Raw data:
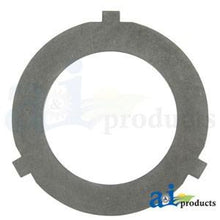 72290679 PLATE PTO CLUTCH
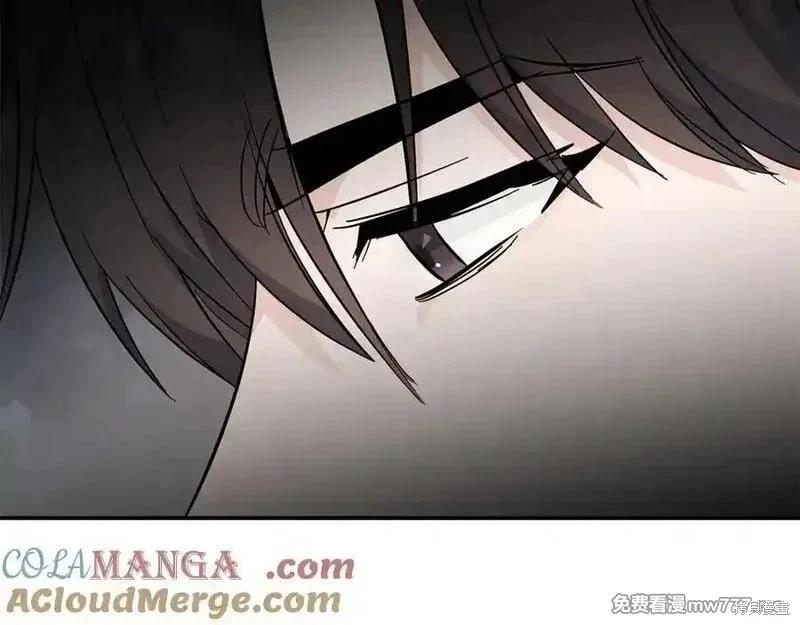 第210话32
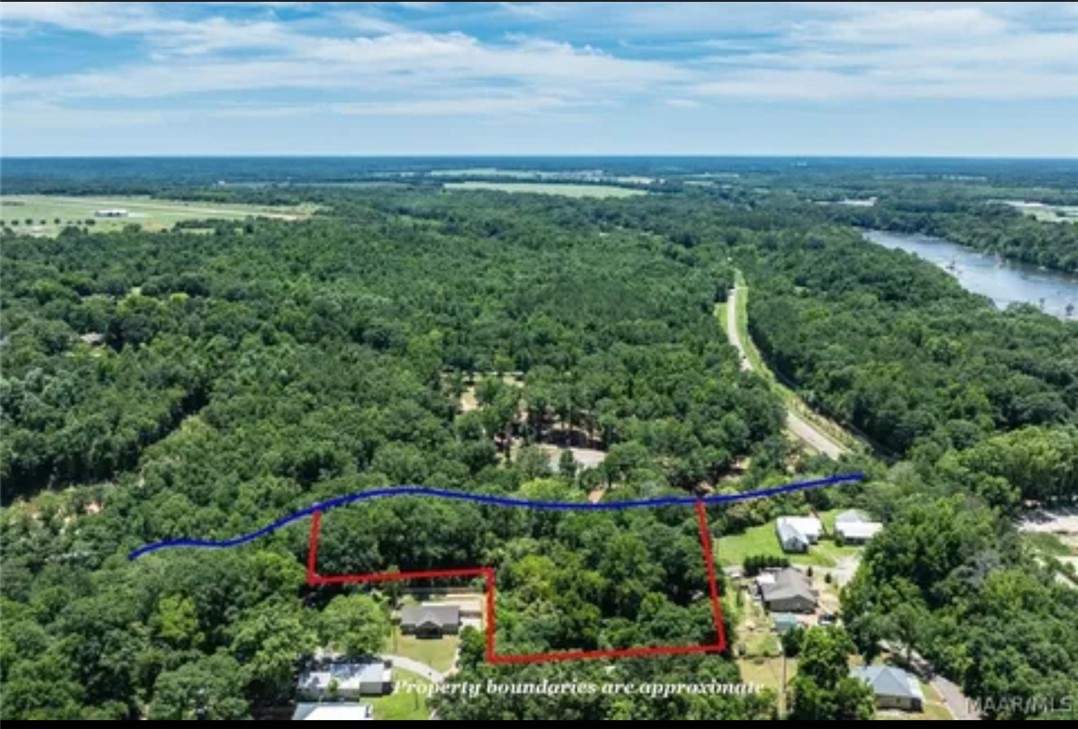 0 Wallace Drive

What you have to do: The data above should be repeated exactly, minus any pictures.

Answer below:
 72290679 PLATE PTO CLUTCH
 第210话32
 0 Wallace Drive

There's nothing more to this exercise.